The many examples of the palpable autonomy of bourgeois democracy from blatant rule by the bourgeoisie itself, was seductive as an alternative road leading, through systemic transformation, constitution making, land reform and trenchant budgets, to socialism. The task the old left set itself was not to procure miserable cabinet portfolios, petrol allowances and jobs for the boys; no that would have been unworthy of man and women of that stature. Their project was making the democratic state a platform for social transformation. Setting themselves any lesser task would not have been worthy of these larger than life personalities.
Eventually Hector and his comrades failed. In part the external world turned against them in the 1970s; history is merciless with projects that arrive after their appointed time. In part they erred in practice (the treatment handed out to the Tamil minority by the Coalition Government) and partly in the dialectics of their reasoning.
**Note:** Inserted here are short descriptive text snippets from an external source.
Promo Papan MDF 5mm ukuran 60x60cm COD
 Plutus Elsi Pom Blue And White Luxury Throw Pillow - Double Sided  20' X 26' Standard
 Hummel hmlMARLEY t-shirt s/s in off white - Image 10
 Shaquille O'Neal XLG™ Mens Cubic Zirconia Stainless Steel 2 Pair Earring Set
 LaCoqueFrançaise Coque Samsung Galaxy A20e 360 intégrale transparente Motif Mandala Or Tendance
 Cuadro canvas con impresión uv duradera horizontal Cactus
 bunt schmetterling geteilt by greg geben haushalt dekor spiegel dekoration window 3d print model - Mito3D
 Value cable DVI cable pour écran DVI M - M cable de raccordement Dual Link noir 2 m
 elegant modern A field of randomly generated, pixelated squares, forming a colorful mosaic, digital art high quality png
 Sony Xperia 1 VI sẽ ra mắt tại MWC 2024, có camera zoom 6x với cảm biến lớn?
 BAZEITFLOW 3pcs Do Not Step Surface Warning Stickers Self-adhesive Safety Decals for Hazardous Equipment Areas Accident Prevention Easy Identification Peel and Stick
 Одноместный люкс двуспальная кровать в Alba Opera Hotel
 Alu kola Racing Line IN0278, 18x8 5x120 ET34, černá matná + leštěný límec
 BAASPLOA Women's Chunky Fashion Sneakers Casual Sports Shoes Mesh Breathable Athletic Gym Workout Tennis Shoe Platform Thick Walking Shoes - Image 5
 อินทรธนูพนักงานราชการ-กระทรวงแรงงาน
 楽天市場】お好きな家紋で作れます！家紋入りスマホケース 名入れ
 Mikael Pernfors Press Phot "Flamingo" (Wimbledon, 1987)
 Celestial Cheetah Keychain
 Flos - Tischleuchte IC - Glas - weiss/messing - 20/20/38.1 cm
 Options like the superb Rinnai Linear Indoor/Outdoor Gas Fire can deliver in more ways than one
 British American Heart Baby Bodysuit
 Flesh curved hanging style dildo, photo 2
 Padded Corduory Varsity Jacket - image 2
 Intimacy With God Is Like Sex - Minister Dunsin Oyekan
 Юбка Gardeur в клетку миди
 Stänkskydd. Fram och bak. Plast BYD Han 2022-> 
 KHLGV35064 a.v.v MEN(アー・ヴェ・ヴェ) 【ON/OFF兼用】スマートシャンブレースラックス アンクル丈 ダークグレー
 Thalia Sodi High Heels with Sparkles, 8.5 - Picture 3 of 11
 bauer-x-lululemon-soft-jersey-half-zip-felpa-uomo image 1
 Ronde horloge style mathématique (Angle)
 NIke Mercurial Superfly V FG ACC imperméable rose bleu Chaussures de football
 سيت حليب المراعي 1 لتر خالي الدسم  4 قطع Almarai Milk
All this however must await a longer and more carefully written essay though the essence of the error is encapsulated in this surprisingly undialectical passage from Hectort’s ‘Categories of Left Thinking’.
QUOTE: “The left in Ceylon cannot continue to function on the two planes of parliamentarianism and doctrinaire (sic) revolutionism simultaneously. The split attitude that results from it makes effective action on either plane impossible. The stage has been reached when it is no longer possible to postpone a decision about this”. UNQUOTE
In the first half of the 1970s Jayantha Somasunderam, Ajith Samaranayake, Rajan Philips and I worked closely with Hector to bring out the Nation; I think it was every Sunday evening that we met at his 56 Chitra Lane home to plan the next issue and share out the writing. We were Hector’s youth league. The expulsion of the left from the Coalition by Mrs Bandaranaike and the exacerbation of the conflict between Vama and the leadership drew the curtain on the Nation and this phase.
The next major event in my relationship with Hector was more than twenty years later when Paul Caspersz, Marshal Fernando, Silan Kadirgamar, Rajan Philips and I organised the Hector Abhayavardhana Felicitation Symposium in 1999 to celebrate his 80-th birthday. The proceedings came out as a book edited by Rajan and published by Marshal’s Ecumenical Institute. Silan helped raise the money and Paul lent his name and stature as figure head. Hector delivered what I believe was his last important political speech at one of the evening gatherings arranged in tandem with the Symposium.
During the next thirteen years Hector’s health failed and he was largely confined to his home. I am not aware of any important functions he undertook. We the old faithful would visit him a few times a year. The last time I called on him, in March this year, clearly ill health was getting the better of his incisive mind. Now finally, inexorable time has claimed a formidable thinker of the Samasamaja tradition, but he will be long remembered and deeply respected by those who learnt from him.